Weeknight dinners can be stressful, and sometimes it is all you can do to get the main meal on the table, and you haven’t even had one single moment to think about dessert…In most families, weeknight desserts usually include whatever is available. We do everyhthing we can to skip it and pass on the extra calories, but you know that you are eventually going to face that “moment”…you know the one I mean, the one that hits you when you are watching your favorite cooking show and you start craving something sweet. You run around the kitchen and are faced with the dilemma that the kids ate the last cookie, the hubby finished all of the ice cream and you are having a moment of senility and can’t remember where you hid your stash of dark chocolate…am I right? So, what’s a girl to do?
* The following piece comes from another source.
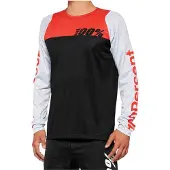 100% R-Core Maillot vélo
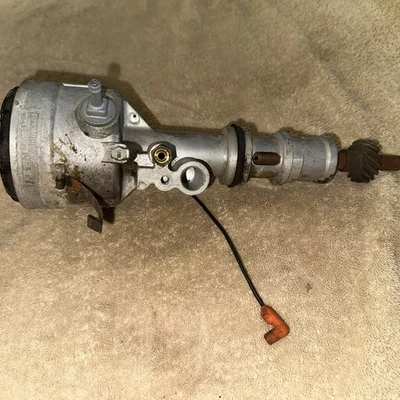FoMoCo  FORD Tach Drive Distributor D2FH-12102-AA 1968-1972 Ford HD Truck 330 #2 - Image 1 of 4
I know, I know, I hear it all the time…you still want something healthy but yet decadent at the same time…I guess they will come up with that magic dessert when they come up with that magic pill that will help melt all of those extra calories overnight, right?
Well, how about just a little bit of decadence? I’m thinking skip the ice cream and make a fluffy and creamy sabayon to go with all of that delicious fruit. Sabayon is actually a French term, but the Italians know this as zabaglione sauce. It can be made in both a sweet or savory variation, and is actually very easy to make. The sweet version reminds you a little of a soft and loose premium quality ice cream when it is chilled. This is a perfect dessert to try for any time, whether it is after a dinner at home with the family or an elegant dinner party. We use raw egg yolks in this recipe but don’t worry! They are cooked over a double boiler to 160°F, and then whipped until cool over an ice bath. It is best to serve it right away, but you can store it covered in the refrigerator for a few hours. Some people also fold in whipped cream, but I don’t think it is necessary. I have also heard of others folding whipped mascarpone cheese in situations where they had to make the sauce way ahead of time. The mascarpone gives it a little more body so it stays fluffy longer. Try the recipe and let me know what you think…
6 large yolks
1/4 cup – 1/2 cup granulated sugar (if you use the whipped cream or mascarpone cheese then use more sugar)
1 teaspoon of vanilla
4 Tablespoon of Marsala wine **(traditional)
1 teaspoon lemon or orange zest (optional)
4 oz or 1/2 cup whipped cream or 4 tablespoons whipped mascarpone cheese **optional
First, fill a large bowl with water and ice and set this aside. Set up a double boiler on your stove top and make sure that the bowl that is sitting on top is not touching the hot water below in the pot. Add the yolks to the bowl and turn the heat on medium high and start whisking. The yolks will slowly get warmer, so keep on whisking and add a little sugar at a time until it is all incorporated. Continue to whip until the sabayon is very pale and registers 160°F on your thermometer. If you do not have a thermometer, you can tell when the sabayon has reached that temperature when you touch it with your finger and it feels very warm/almost hot, but not scalding hot. Make sure you continue whisking so as not to cook the yolks.
Cook at this temperature for a few minutes and then carefully remove the bowl from the double boiler and set it into the larger bowl that you have set aside that is half filled with ice water. Continue to whip until completely cool and ribbons form as it falls from the whisk.
Add the marsala wine or liquor of your choice plus the vanilla and serve immediately or cover and set in the refrigerator…but use within 2 hours. If you need to make this ahead of time, you can fold in some whipped mascarpone cheese before you cover and put it in the refrigerator. Or you can whip some cream and fold it in to the sauce to lighten it up right before serving.
Traditionally, sabayon is made with marsala wine, but you can use whatever you like. Many people use rum, brandy, cognac, grand marnier etc…I had both strawberries and orange segments, so I added 4 Tablespoons of grand marnier and 1 teaspoon of orange zest. Whatever you use, just make sure that the flavor of the liquor will compliment the fruit you are using.